The James River (also known as the Jim River or the Dakota River) is a tributary of the Missouri River, approximately 710 mi (1,143 km) long, in the U.S. states of North Dakota and South Dakota. The river provides the main drainage of the flat lowland area of the Dakotas between the two plateau regions known as the Coteau du Missouri and the Coteau des Prairies.
This narrow area was formed by the lobe of a glacier during the last ice age, and as a consequence the watershed of the river is slender and it has few major tributaries for a river of its length. The James River has the somewhat dubious distinction of being the longest unnavigable river in the world. The river rises in Wells County, North Dakota, approximately 10 mi (16 km) northwest of Fessenden. It flows briefly east towards New Rockford, then generally SSE through eastern North Dakota, past Jamestown, where it is first impounded by a large reservoir (the Jamestown Dam), and then joined by the Pipestem River. It enters northeastern South Dakota in Brown County, where it is impounded to form two reservoirs northeast of Aberdeen.
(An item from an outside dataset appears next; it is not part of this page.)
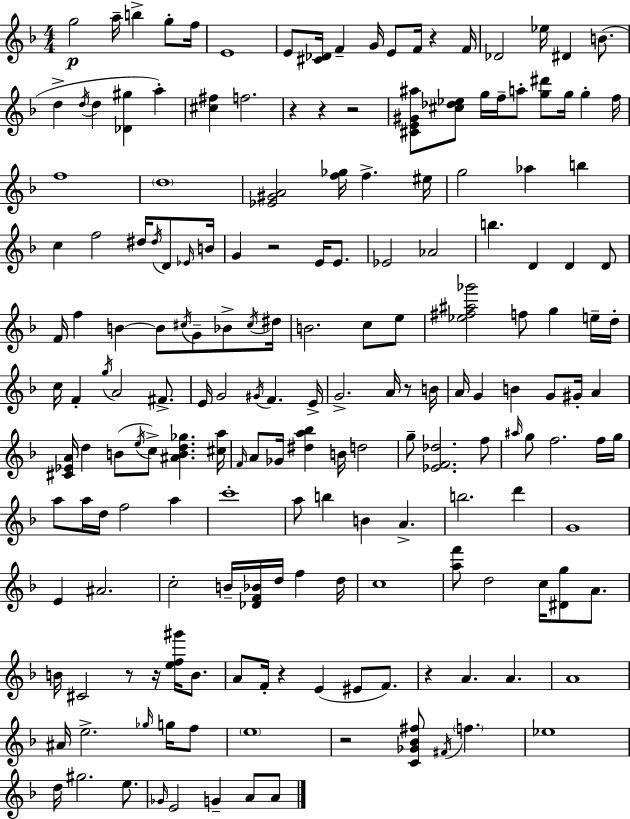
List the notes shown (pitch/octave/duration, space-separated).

River conditions during normal years include still water on both the James and its tributaries as well as flooding. Floods occur after snowmelt or heavy rains, as water easily breaches the James' low banks, and such floods tend to cover a significant portion of the floodplain. When the river is still, water quality drops. Major Flooding last occured in 2009, a year North Dakota saw the most wide spread flooding during a single spring since statehood. Flooding in North Dakota, started in March by winter storms, and lasted untill late spring.
Fishermen in the James River will find a variety of fish including smallmouth bass, largemouth bass, bluegill, catfish, rock bass, northern pike, yellow bullhead, crappie and carp here. Whether you're baitcasting, fly fishing or spinning your chances of getting a bite here are good. So grab your favorite fly fishing rod and reel, and head out to James River.
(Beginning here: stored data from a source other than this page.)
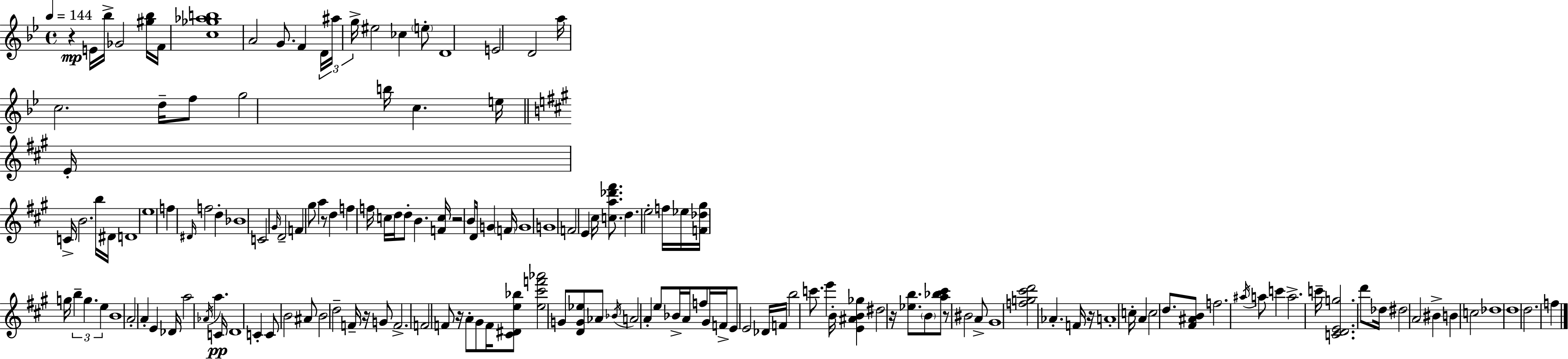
{
  \clef treble
  \time 4/4
  \defaultTimeSignature
  \key g \minor
  \tempo 4 = 144
  r4\mp e'16 bes''16-> ges'2 <gis'' bes''>16 f'16 | <c'' ges'' aes'' b''>1 | a'2 g'8. f'4 \tuplet 3/2 { d'16 | ais''16 g''16-> } eis''2 ces''4 \parenthesize e''8-. | \break d'1 | e'2 d'2 | a''16 c''2. d''16-- f''8 | g''2 b''16 c''4. e''16 | \break \bar "||" \break \key a \major e'16-. c'16-> b'2. b''16 dis'16 | d'1 | e''1 | f''4 \grace { dis'16 } f''2 d''4-. | \break bes'1 | c'2 \grace { gis'16 } d'2-- | f'4 gis''8 a''4 r8 d''4 | f''4 f''16 c''16 d''16 d''8-. b'4. | \break <f' c''>16 r2 b'8 d'16 g'4 | \parenthesize f'16 g'1 | g'1 | f'2 e'4 cis''16 <c'' a'' des''' fis'''>8. | \break d''4. e''2-. | f''16 ees''16 <f' des'' gis''>16 g''16 \tuplet 3/2 { b''4-- g''4. e''4 } | b'1 | a'2-. a'4-. e'4 | \break des'16 a''2 \acciaccatura { aes'16 }\pp a''4. | c'16 d'1 | c'4-. c'8 b'2 | ais'8 b'2 d''2-- | \break f'16-- r16 g'8 f'2.-> | f'2 f'8 r16 a'8-. | gis'8 f'16 <cis' dis' e'' bes''>8 <e'' cis''' f''' aes'''>2 g'8 <d' g' ees''>8 | aes'8 \acciaccatura { bes'16 } a'2 a'4-. | \break e''8 bes'16-> a'16 f''8 gis'16 f'16-> e'8 e'2 | des'16 f'16 b''2 c'''8. e'''4 | b'16-. <e' ais' b' ges''>4 dis''2 | r16 <ees'' b''>8. \parenthesize b'8 <a'' bes'' cis'''>8 r8 bis'2 | \break a'8-> gis'1 | <f'' g'' cis''' d'''>2 aes'4.-. | f'16 r16 a'1-. | c''16-. a'4 c''2 | \break d''8. <fis' ais' b'>8 f''2. | \acciaccatura { ais''16 } a''8 c'''4 a''2.-> | c'''16-- <c' d' e' g''>2. | d'''8 des''16 dis''2 a'2 | \break bis'4-> b'4 c''2 | des''1 | d''1 | d''2. | \break f''4 \bar "|."
}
One of the key reasons most people paddle is to experience the beauty of the outdoors. The rivers and lakes in North Dakota provide canoeists and kayakers with excellent opportunities to enjoy the outdoors, breathe fresh air, and enjoy nature. The James River, a typical prairie stream, has been noted as the longest unnavigable river in the world. Fortunately, this distinction doesn't apply to paddlers who travel the river in spring and early summer. The 28-mile segment from Fisher Grove State Park to the James River Lakeside Use Area near the Diversion Dam in Beadle County is a popular trip. Several roads cross this meandering segment as it flows through a timbered area dotted with marshes and farmland. A popular canoe run has been the James River, starting in Grand Rapids and canoeing down to the James River Dam site in LaMoure. Bring your own canoe. Fort Ransom State Park offers canoeing within the park and also has rentals available.